**Assignment**
Pictures stay out of the copy. Transcribe exactly, and only, the line with "page 120 of 192" through the last line of the entries below.

----- Material provided -----

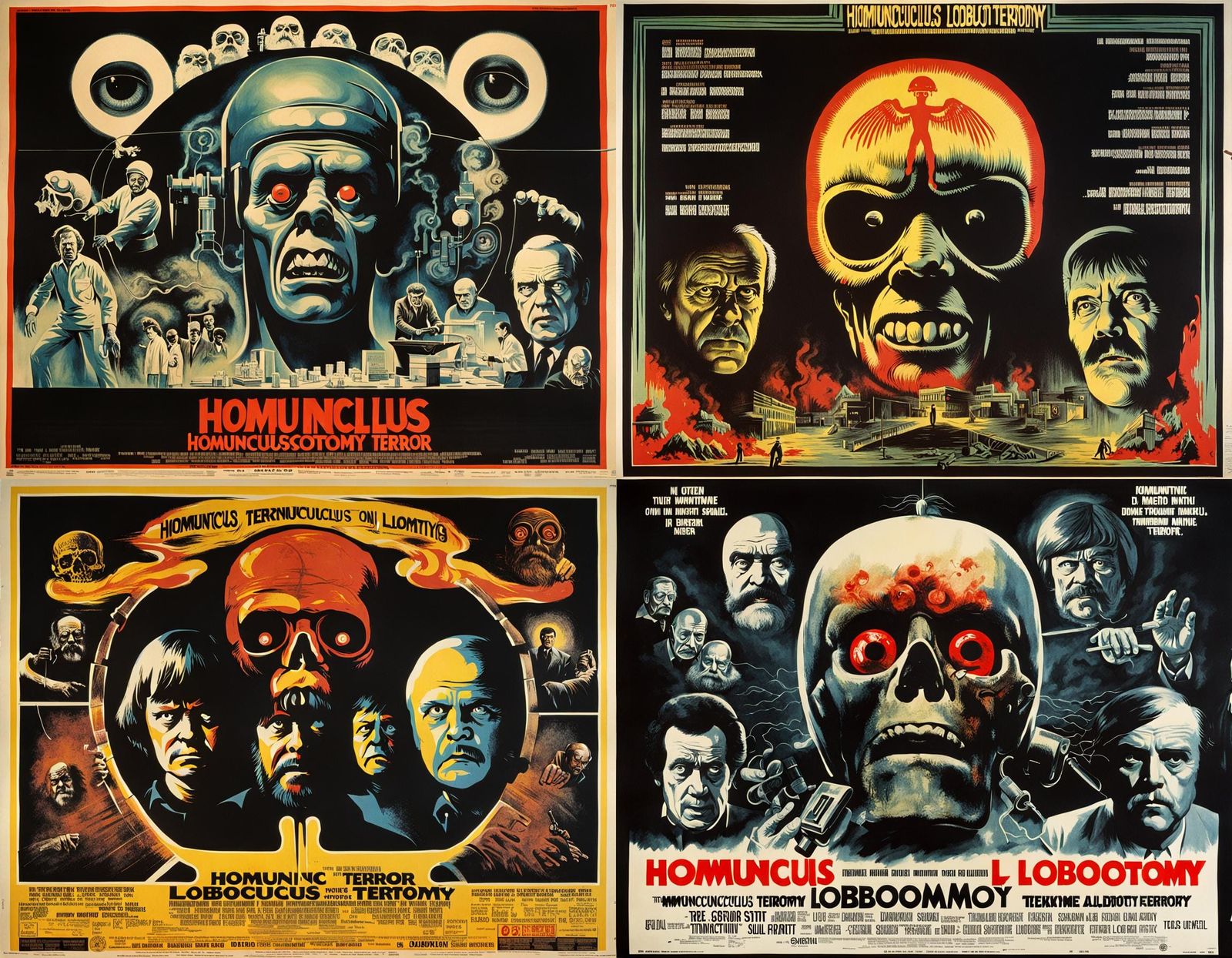 1970s Movie Poster: Homunculus Terror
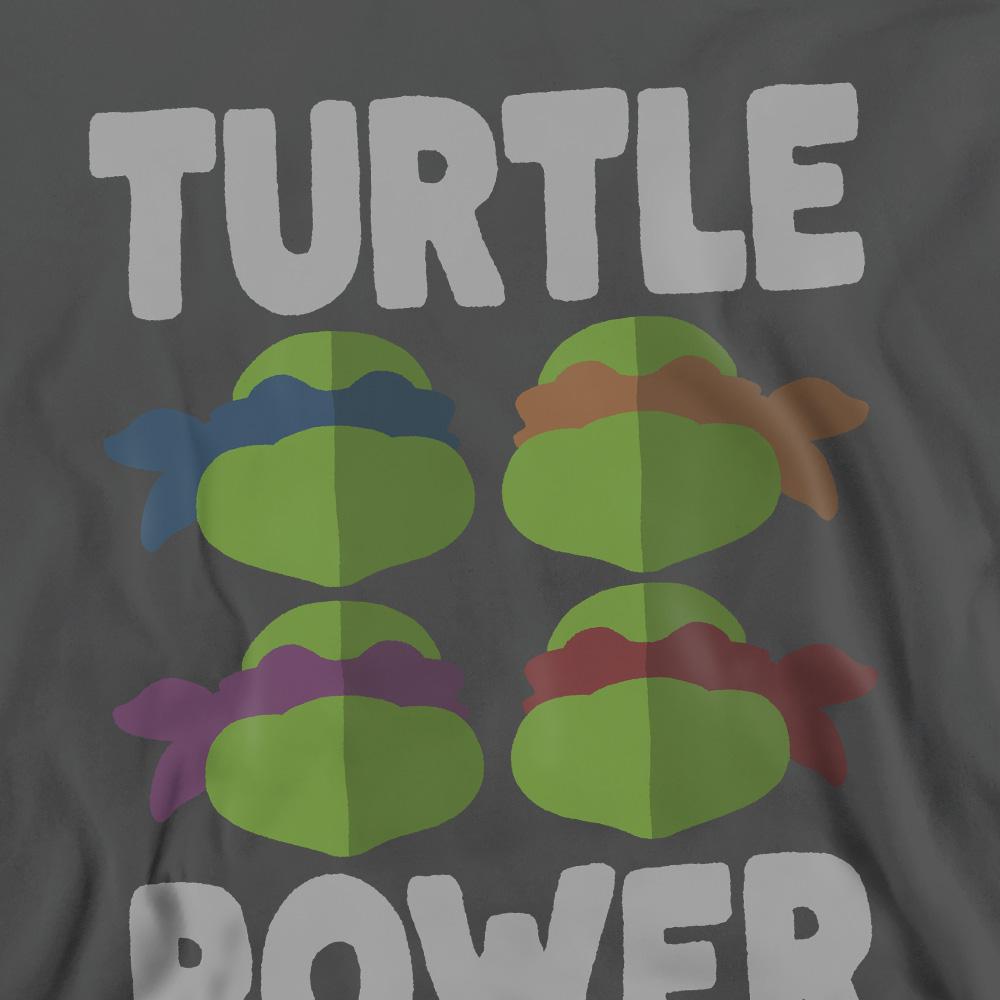 Teenage Mutant Ninja Turtles Unisex Adult Turtle Power Faces Sweatshirt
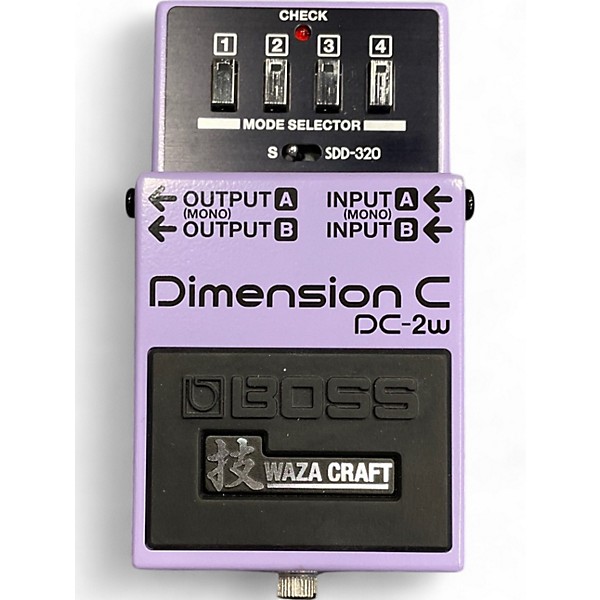 Used BOSS Dimension C DC-2W Effect Pedal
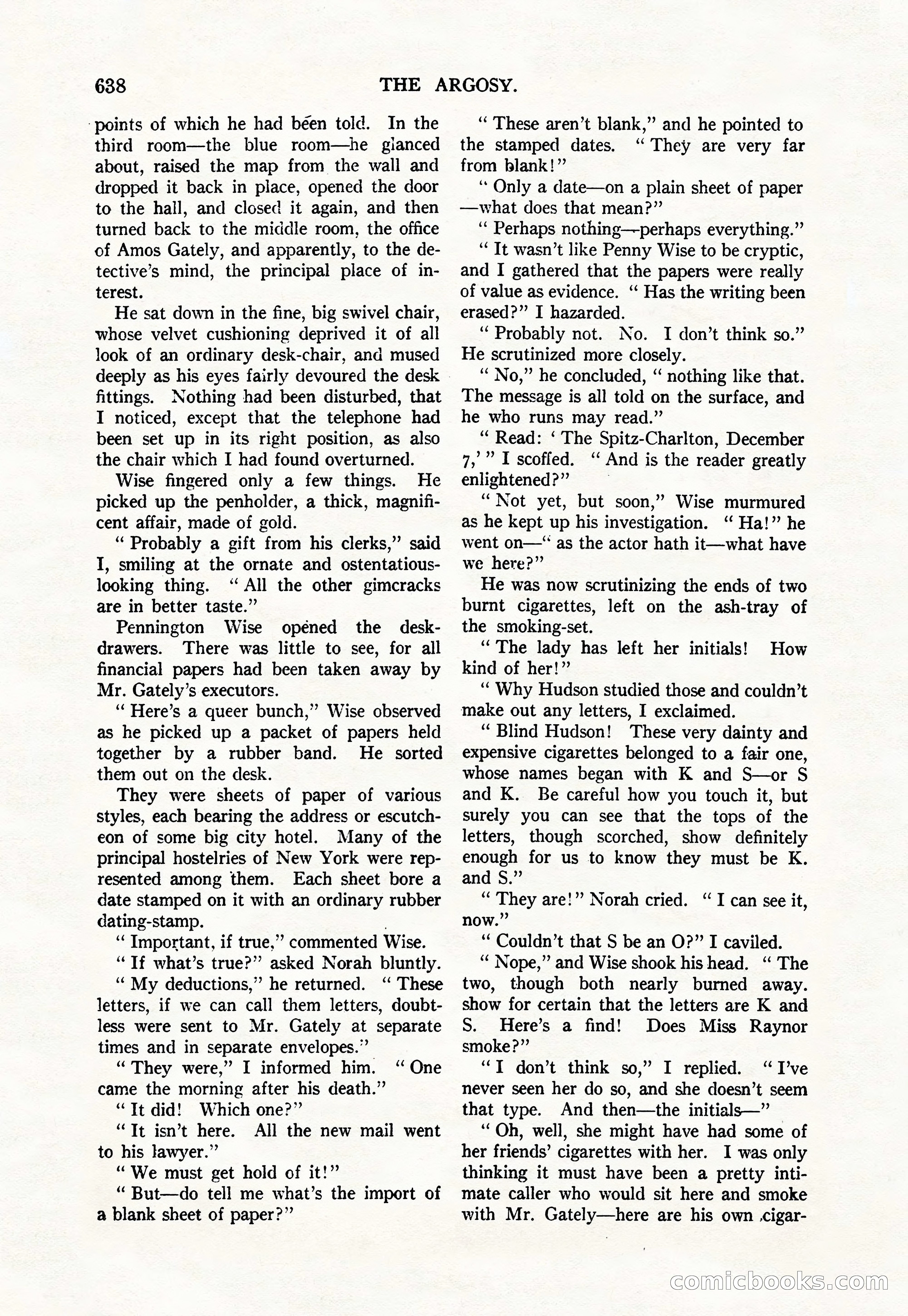 Argosy — "Through Rabat's Eyes" — page 120 of 192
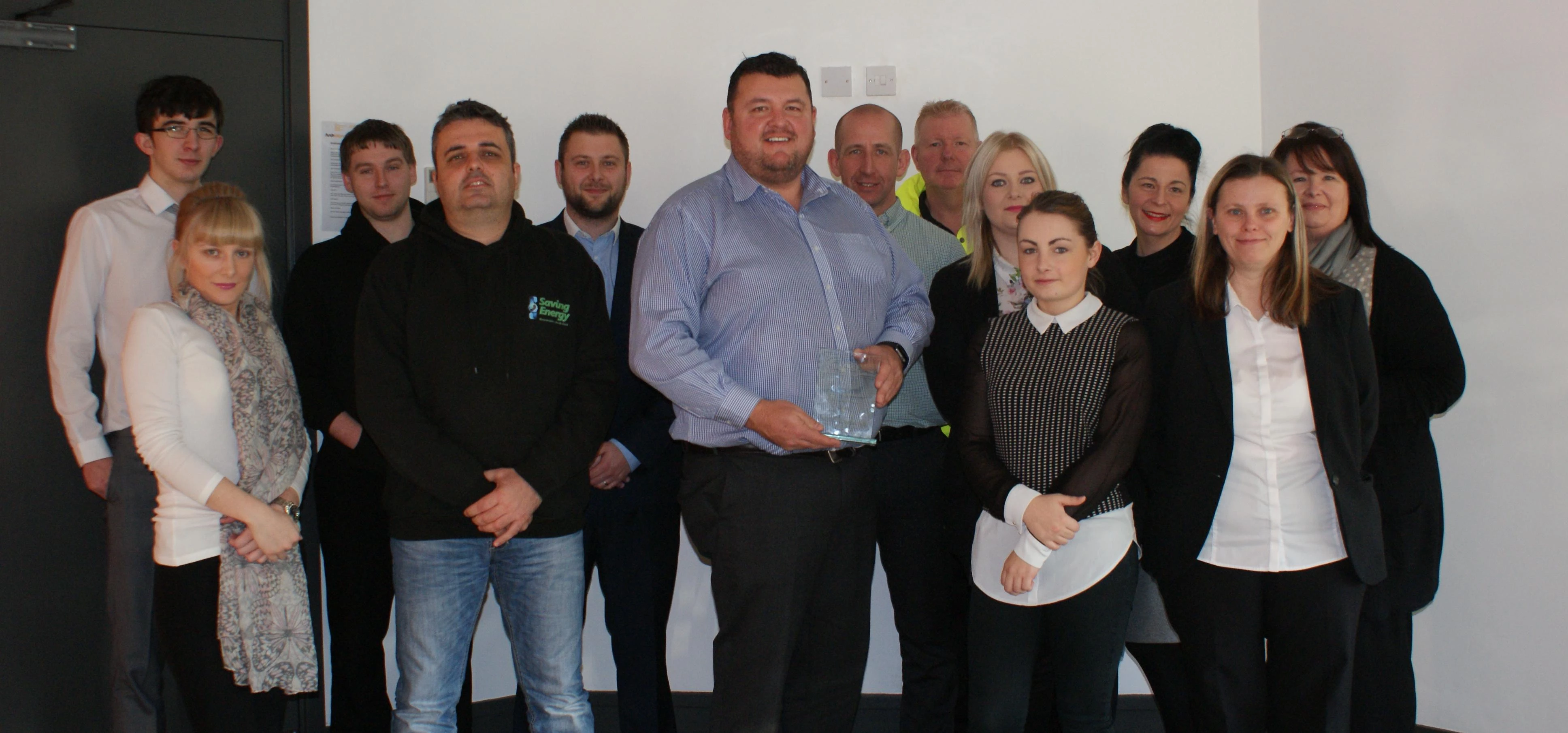 The team at Saving Energy with their new business of the year award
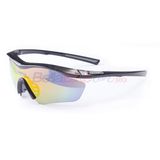 OCHELARI DE SOARE BF AIRJET BLACK #2 RED REVO LENS FLASH MIRROR C3 + 2PAIRS OPTION LENS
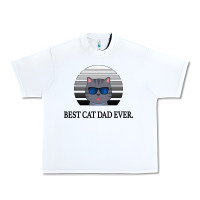 White Best Cat Dad Ever Urban Heavy Tee - Bettercallsaul
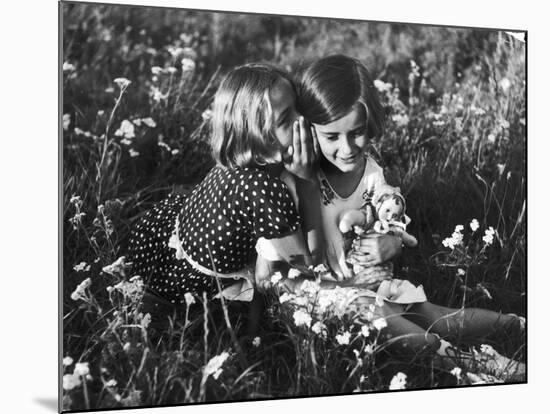 Girlish Secrets 1930S-null-Mounted Photographic Print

-----

**Answer section**
 Argosy — "Through Rabat's Eyes" — page 120 of 192
 The team at Saving Energy with their new business of the year award
 OCHELARI DE SOARE BF AIRJET BLACK #2 RED REVO LENS FLASH MIRROR C3 + 2PAIRS OPTION LENS
 White Best Cat Dad Ever Urban Heavy Tee - Bettercallsaul
 Girlish Secrets 1930S-null-Mounted Photographic Print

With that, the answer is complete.